Fundamentally, the industrial IoT helps asset owners to move away from traditional routine maintenance schedules and visual inspections and invest in new methods such as remote asset tracking and monitoring. Product organizations initiate highly optimized data-driven operations to drive greater efficiencies and cut costs of asset management and maintenance.
But forward-looking organizations do not stop there. They evaluate and deploy cyber-physical models that provide unprecedented visibility, insight and decision-making capabilities to optimize existing operations, and for new value creation through innovative customer-centric engagements and new revenue streams.
The Digital Twin
A digital twin is a live digital representation of a physical asset. It is a cyber-physical mockup of a connected device that represents both the physical instance and its broad business context in which it operates from inception to its end of life.
Digital twins act on behalf of connected physical objects by receiving alerts and notifications, sending instructions and updates, and provide real-time information to the owners, operators and maintainers of these assets on their state and condition.
Digital twins are an integral part of the assets’ control flow and lifecycle activities. Beyond mere remote connectivity, a digital twin is aware of and represents a broad spectrum of information and lifecycle activities such as configuration, service entitlement, and maintenance and upgrade history.
From Mere Awareness to Smart Decisions
The connected enterprise facilitates and accelerates the formation of a trusted network of digital twins. Always-connected products and customers provide a broad and deep insight, in real time if needed, across multiple markets, product configurations, and customer groups. A digital model that is constantly interacting with actual products and monitoring their operation and user interactions give product organizations an unprecedented ability to collect, organize, and analyze information from products and business activities, and curate and deliver deep and rich insight about all aspects of a product value chain.
The digitalization of the enterprise’s value chain radically redefines how well individual decision makers and the organization understand current products and customers, and how they use this wisdom to accelerate innovation, develop new products, and service and optimize existing ones.
Bridging the Chasm
Older product lifecycle paradigms are crudely separated by value chain activities and the PLM software systems supporting them. There is a distinct—and often difficult—handover from engineering to manufacturing, and an even bigger chasm between manufacturing to operations and after-sales service and maintenance.

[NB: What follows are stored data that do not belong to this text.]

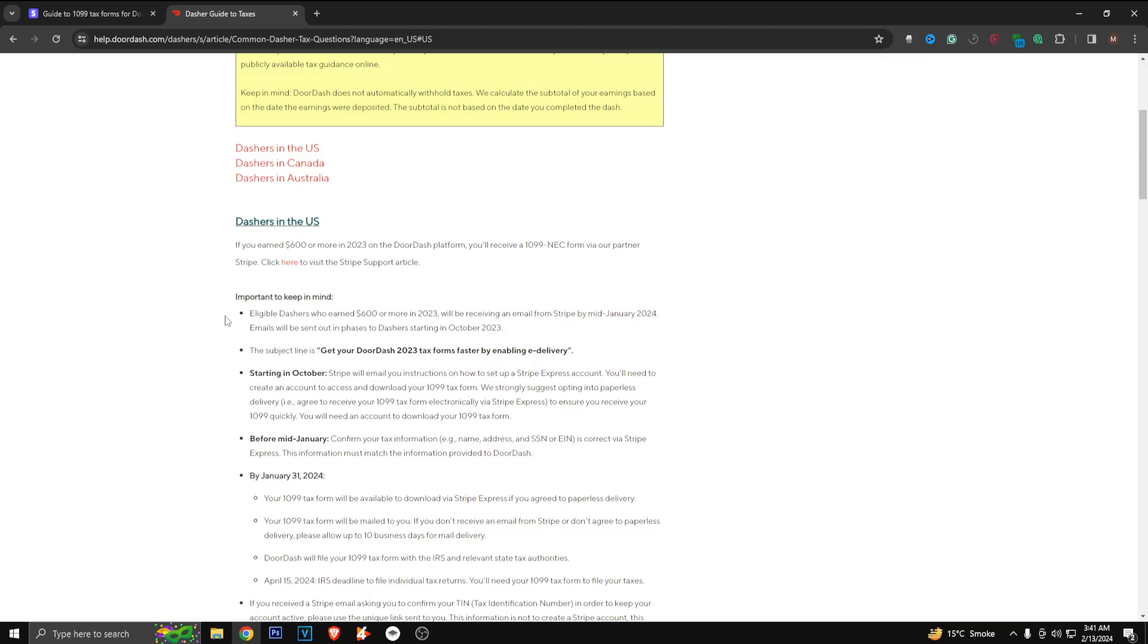The second link is the Dasher's guide to taxes. So if you have earned $600 or more in 2023 on the DoorDash platform, you will receive a 1099-NEC form via our partner Stripe. Important things to keep in mind:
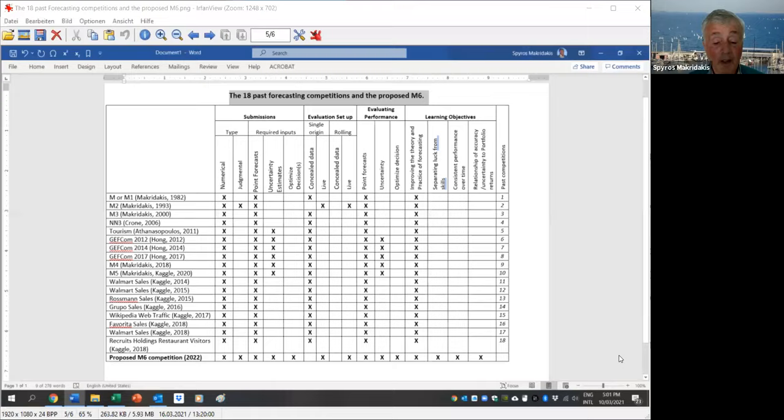And if we could just take a moment — I know you're in the planning stages for M6. Could you give us a preview of how M6 will differ from the previous competitions? This chart shows the 18 past forecasting competitions. In all of them, the major approach used concealed data — we kept part of the data unavailable to participants and asked them to forecast. The problem with this is we cannot put judgment, we cannot reveal what the data is all about.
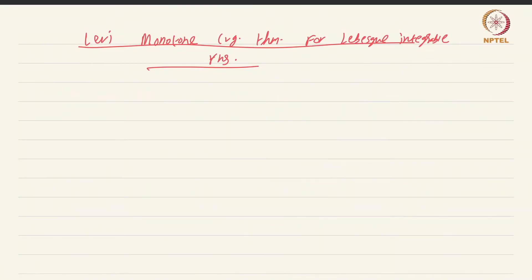At last, we come to Levy's monotone convergence theorem for Lebesgue integrable functions. All the hard work has been done; it is just going to be some manipulation with the results we already have to establish the result. I am going to state and prove the version of Lebesgue's monotone convergence theorem for Lebesgue integrable functions — a version for interchanging sum and integral — and I am going to leave it to you to formulate and prove a version for sequences and not sums.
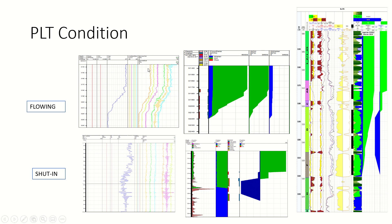PLT conditions: there are two types of conditions for the PLT — flowing and shut-in. These images are captured from the software used for this tool, which is also named PLT. This software shows me the readings of the spinner and other sensors.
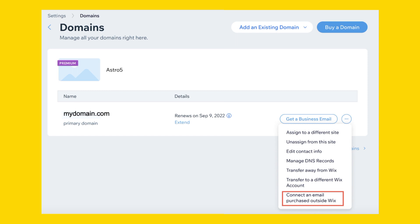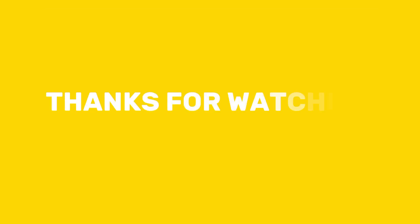Send a test email to your domain's email address to verify that the forwarding is working correctly. Once you have verified that the forwarding is set up properly and working as expected, you are all done. Thanks for watching.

The digital twin should serve as the central integration point for the numerous stakeholders working on or with the assets throughout the product lifecycle. And product-generated information and PDM-based 3D models and configuration information must be augmented by information and insight from sources that typically reside outside the traditional boundaries of the organizational enterprise software systems. For example, information about inventory levels, competitive products, and market intelligence should be systemized and used in simulations, statistical analyses and machine learning to drive better decision-making.
A connected enterprise that focuses on the curation of multidisciplinary information must strive to further expand the traditional boundaries of product-centric information and incorporate formal and informal social media information about product operations and customer interactions. Not only does human-generated data offer early warning signs and ongoing feedback about product failures and quality, but it also offers an unvarnished eye-opening testimonial about customer sentiment and attitudes towards product features and usability, and the strength of the brand.
Forward-looking organizations must become more “thinking”, intimately connected to all data sources and enabled with comprehensive and fast analytics and collaborative decision-making. The multidisciplinary decision-making processes driven by networked digital twins and social media help product organizations and individual decision-makers to see clearly, remove guesswork, and act intelligently and with confidence.